==== Dataset content ====

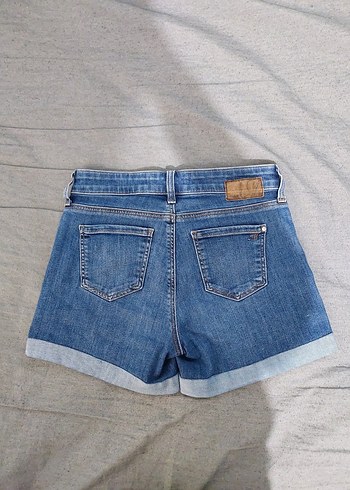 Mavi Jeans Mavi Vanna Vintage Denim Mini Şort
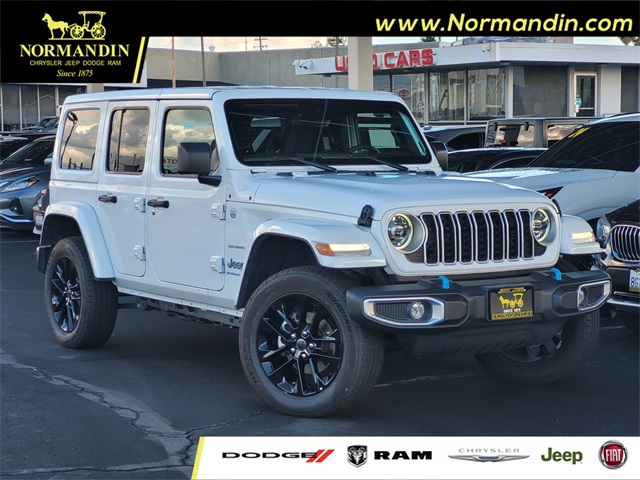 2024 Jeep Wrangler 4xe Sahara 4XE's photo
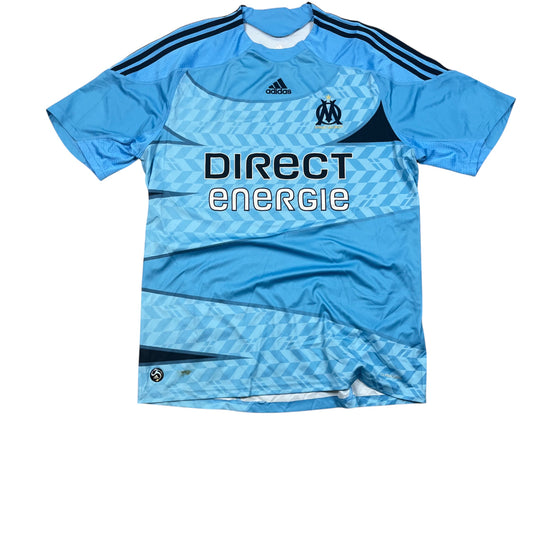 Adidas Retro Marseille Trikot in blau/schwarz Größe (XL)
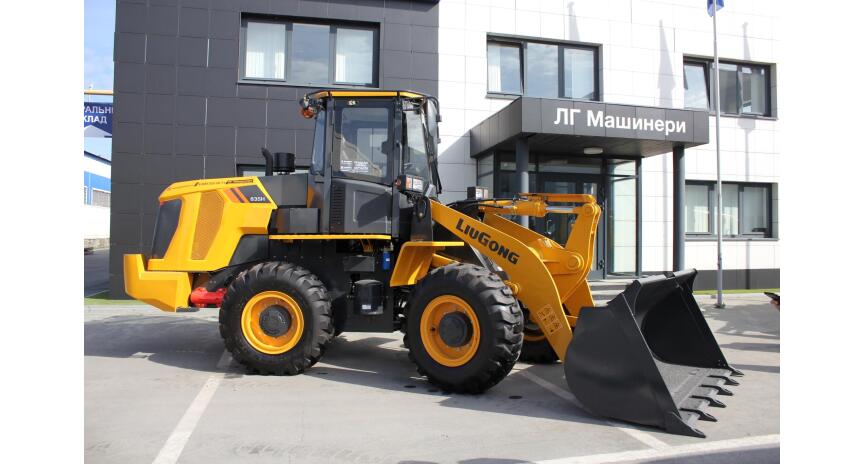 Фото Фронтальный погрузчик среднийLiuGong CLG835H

====

# Your goal:
Write out exactly the lines beginning with the line that holds "Adidas Retro Marseille" and ending with the final line of the data, both ends included, without the pictures.

# Finished exercise:
 Adidas Retro Marseille Trikot in blau/schwarz Größe (XL)
 Фото Фронтальный погрузчик среднийLiuGong CLG835H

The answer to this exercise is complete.